Abbreviations: AF, atrial fibrillation; CS, coronary sinus; CTI, cavotricuspid isthmus; LIPV, left inferior pulmonary vein; PVI, pulmonary vein isolation; RIPV, right superior pulmonary vein; SR, sinus rhythm; SVC, superior vena cava.

Data are reported as n (%).

Fig. 2.

Endocardial 3-dimensional voltage mapping and catheter ablation lesion set in the catheter ablation group. (a) (b) First catheter ablation procedure. Left atrial mapping (anteroposterior view and posteroanterior view) showed the ablation lesion set including pulmonary vein isolation, the roof line, anterior line, mitral isthmus line, coronary sinus line, and cavotricuspid isthmus line. (c) (d) Second catheter ablation procedure. (c) Left atrial mapping (anteroposterior view) showed gaps in the anterior line of the first catheter ablation procedure. (d) Left atrial mapping (posteroanterior view) showed extensive low-voltage areas in the left atrial posterior wall. Endocardial voltage mapping displayed atrial models containing colored areas (low voltage) and rosy areas (normal voltage). The catheter ablation was marked with blue, red, green, and yellow dots.

In the HA group, 3 patients (5.8%) were in SR when thoracoscopic epicardial ablation was performed at the right atrium, and 1 patient (1.9%) was in SR when thoracoscopic epicardial ablation was performed at the inferior line of left atrium. After initial thoracoscopic epicardial ablation, endocardial electrophysiological mapping was performed. Left and right PV entrance-exit blocks were confirmed in 49 patients (94.2%) and in 51 patients (98.1%), respectively. The percentage of areas of persisting normal potentials of the left atrial roof line and left atrial inferior line were 7.0% and 5.7%, respectively.
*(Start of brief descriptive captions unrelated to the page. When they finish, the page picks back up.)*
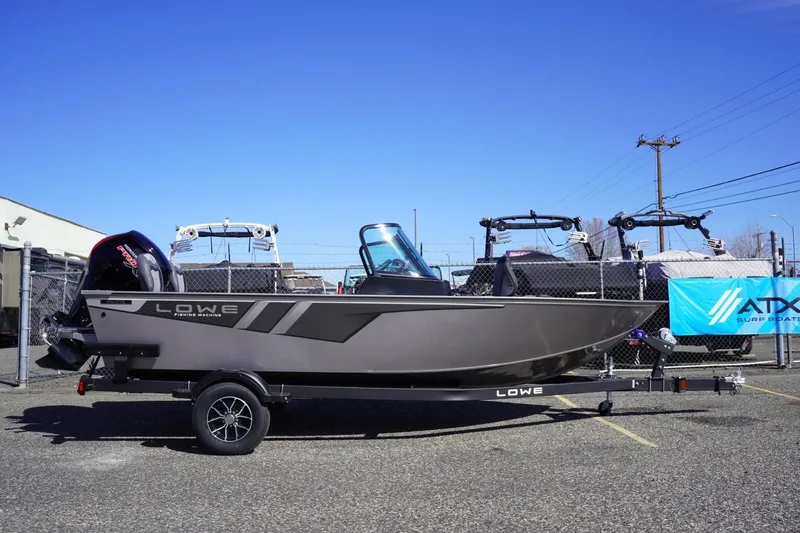 The Image of 2026 Lowe Fishing Machine 1775WT boat on trailer in outdoor lot. - 1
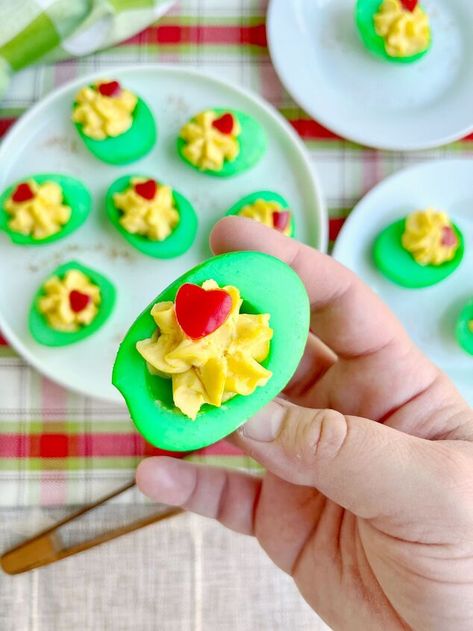 Today, we’re making Grinch Eggs! These are simply deviled eggs with a little holiday magic. We’re going to take some hard boiled eggs, dye them green, fill them with a savory filling kissed with Old Bay, then finish them off with a little red bell pepper heart. Cocoa Dip Recipe, Hot Cocoa Dip, Cocoa Dip, Winter Pasta, Grinch Party, Stuffed Mini Peppers, Fondant Stamping, Green Food Coloring, Old Bay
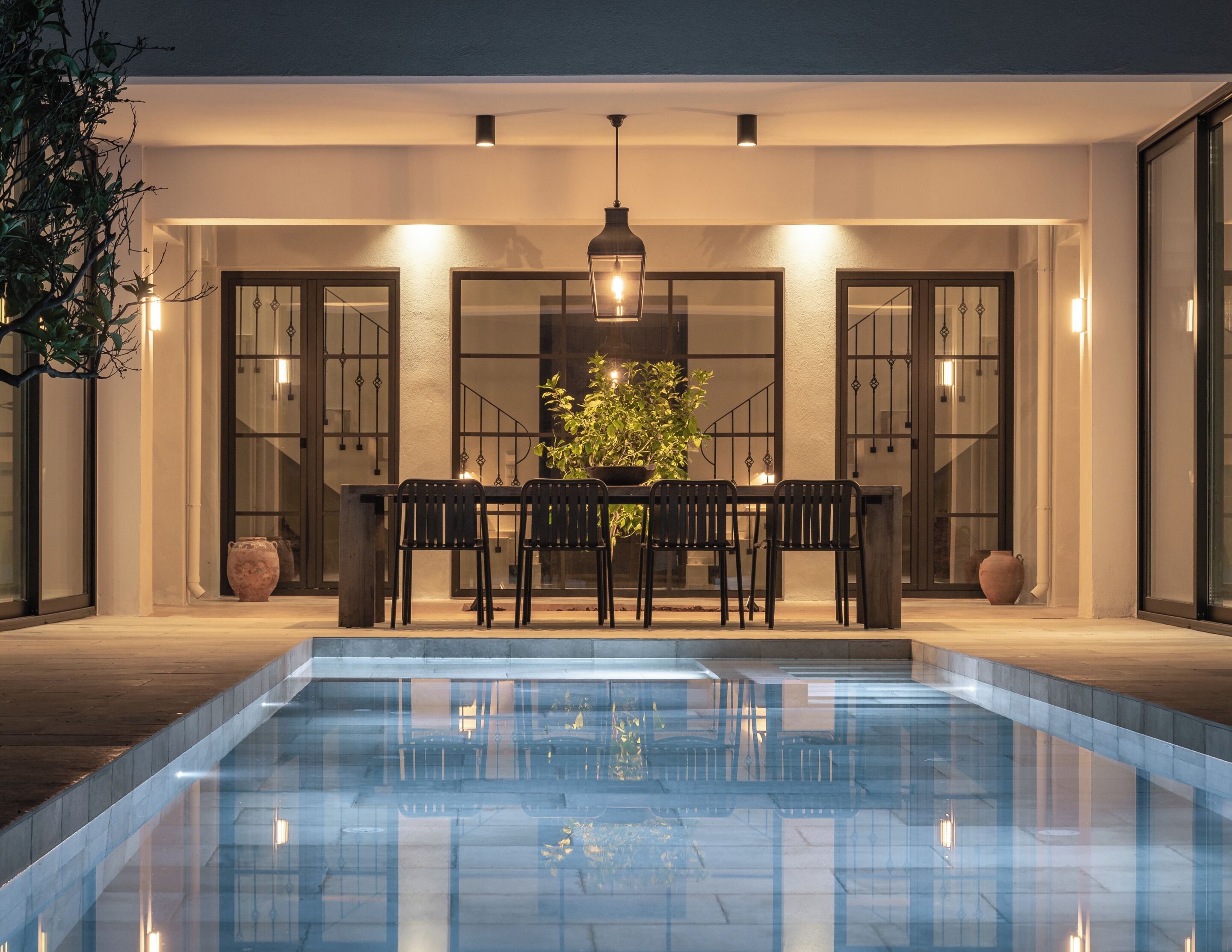 A poolside dining area with a table and chairs, a hanging light fixture, and potted plants.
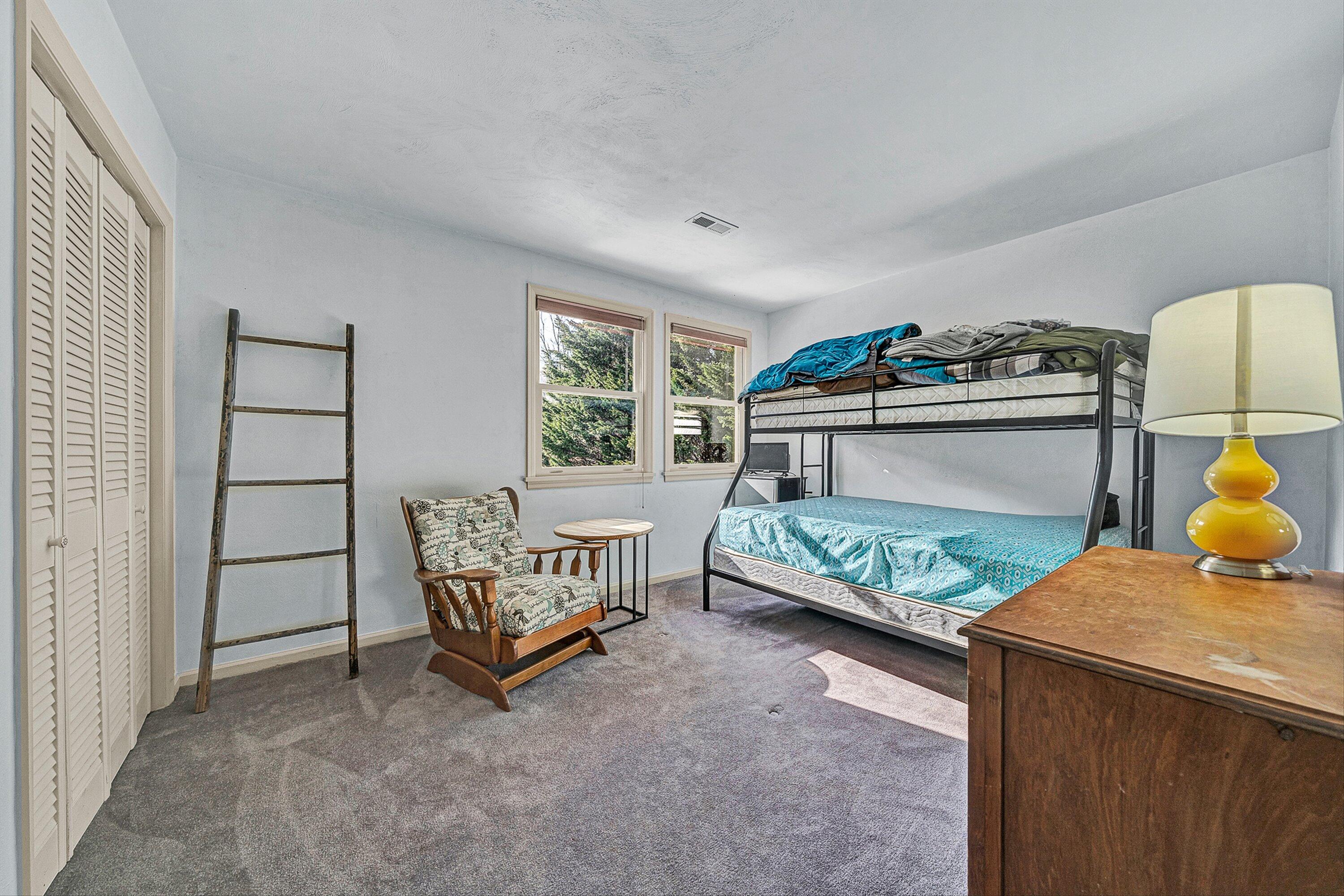 3305 Naff Road Boones Mill, VA 24065 - Photo 32 of 57 a bedroom with furniture and a window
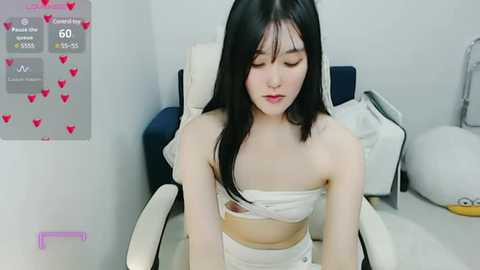 Media: A video of a young Asian woman with straight black hair, wearing a white strapless top revealing her midriff, sitting in a white chair in a minimalistic room.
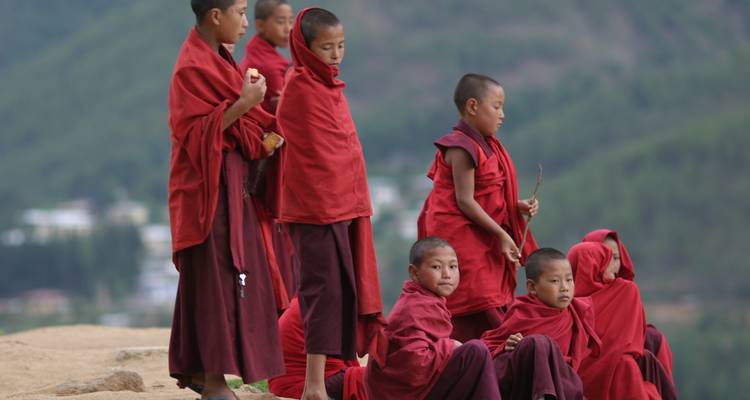 Eine Gruppe von Kindern in roten Gewändern, die auf eine malerische Landschaft blicken.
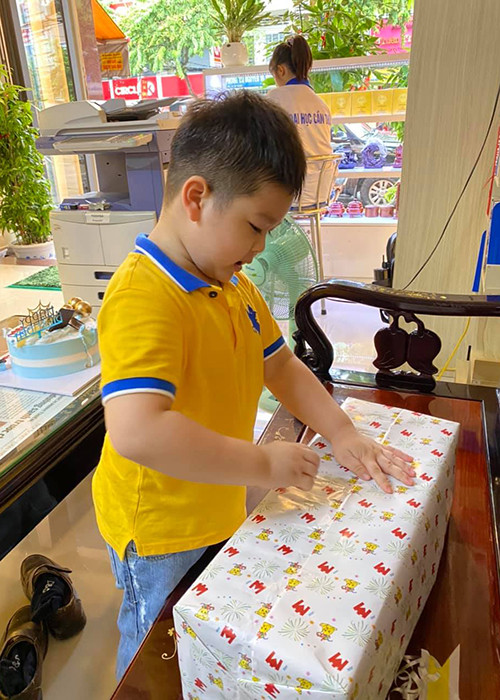 Cậu nhóc thích thú với những món quà của mẹ.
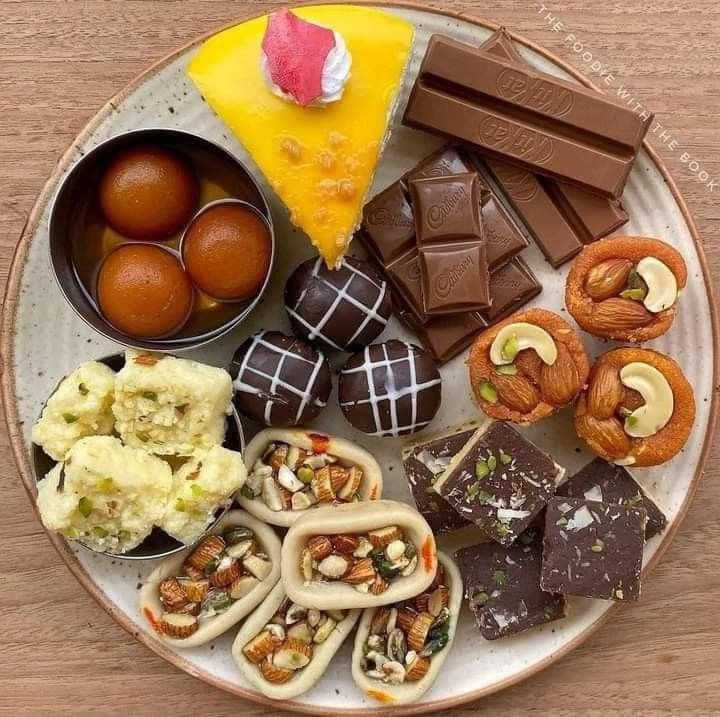 Overhead view of various chocolate desserts and sweets arranged on a white round plate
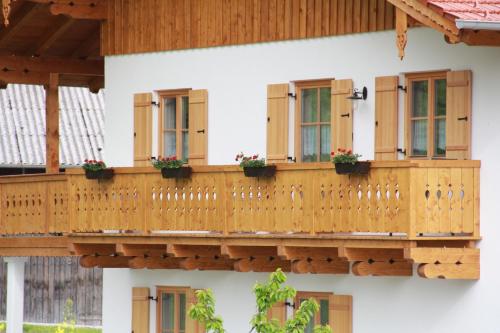 uma casa com uma varanda de madeira com janelas em MoarHof Feilnbach em Bad Feilnbach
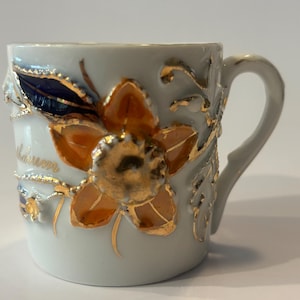 May include: A white ceramic mug featuring a raised, three-dimensional orange flower with gold-painted accents and a dark blue leaf. The design includes delicate gold-painted vines and stems wrapping around the exterior surface of the mug.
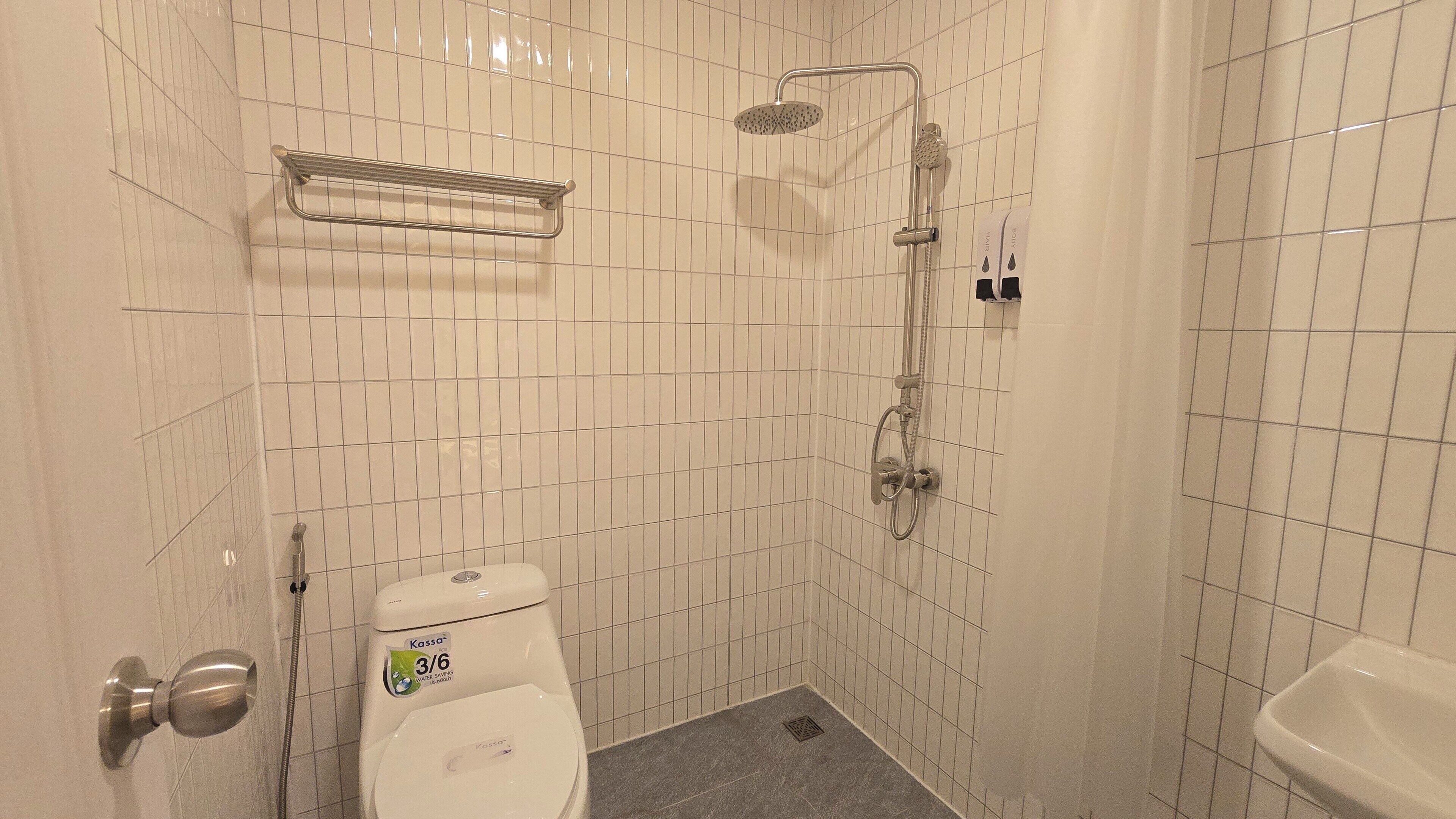 Ein kleines Badezimmer mit Toilette, Dusche und Waschbecken.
The linear lesion connecting the left inferior PV to the great cardiac vein had the highest percentage of areas with persisting normal potentials (16.7%; Fig. 3).

Fig. 3.

Endocardial 3-dimensional voltage mapping and catheter ablation after initial thoracoscopic epicardial ablation. (a) (b) Left atrial mapping (anteroposterior view and posteroanterior view) showing gray areas located in bilateral pulmonary veins, implying bilateral pulmonary vein isolation completed by thoracoscopic epicardial ablation. (c) (d) Based on the electrophysiological mapping in (a) and (b), reinforced endocardial catheter ablation (yellow spots) was performed at the roof line, anterior line, and bilateral pulmonary veins. The cavotricuspid isthmus line and mitral isthmus line were also created (blue spots). Endocardial voltage mapping displayed atrial models containing gray areas (no voltage), colored areas (low voltage), and purple areas (normal voltage). The catheter ablation was marked with blue, green, and red dots.

Procedural Complications

There was no significant difference in procedural complications between the 2 groups in our study including 3 patients (5.8%) in the HA group and 2 patients (3.8%) in the CA group (P > 0.999; Supplemental Table 1). Two patients (3.8%) in the HA group experienced pleural effusion with delayed withdrawal of drainage tubes. One patient (1.9%) in the HA group suffered from encapsulated hemothorax requiring thoracotomy. One patient (1.9%) in the CA group experienced pericardial effusion, and 1 patient (1.9%) underwent permanent pacemaker implantation in the hospital after the CA procedure.

Follow-Up Results

Heart rhythm

All patients were followed up for at least 6 months (36 [24 to 60] months), 99 patients (95.2%) completed the 1-year follow-up, 79 patients (76.0%) completed the 2-year follow-up, and 63 patients (60.6%) completed the 3-year follow-up. A total of 74 patients (71.2%) experienced atrial tachyarrhythmia recurrence after the 3-month blanking period. Freedom from atrial tachyarrhythmias off AADs was 57.1%, 52.7%, and 50.0% in the HA group and 25.0%, 16.2%, and 11.5% in the CA group at 12, 24, and 36 months, respectively (P < 0.001; Fig. 4a). Freedom from atrial tachyarrhythmias on AADs was 70.1%, 65.4%, and 62.6% in the HA group and 34.3%, 29.4%, and 22.0% in the CA group at 12, 24, and 36 months, respectively (P < 0.001; Fig. 4b).

Fig. 4.

Kaplan–Meier curve showing the percentage of patients free from ATA recurrence (a) without AADs, (b) with AADs, (c) without AADs after redo CA, and (d) with AADs after redo CA. AADs, antiarrhythmic drugs; ATA, atrial tachyarrhythmia; CA, catheter ablation; HA, hybrid ablation.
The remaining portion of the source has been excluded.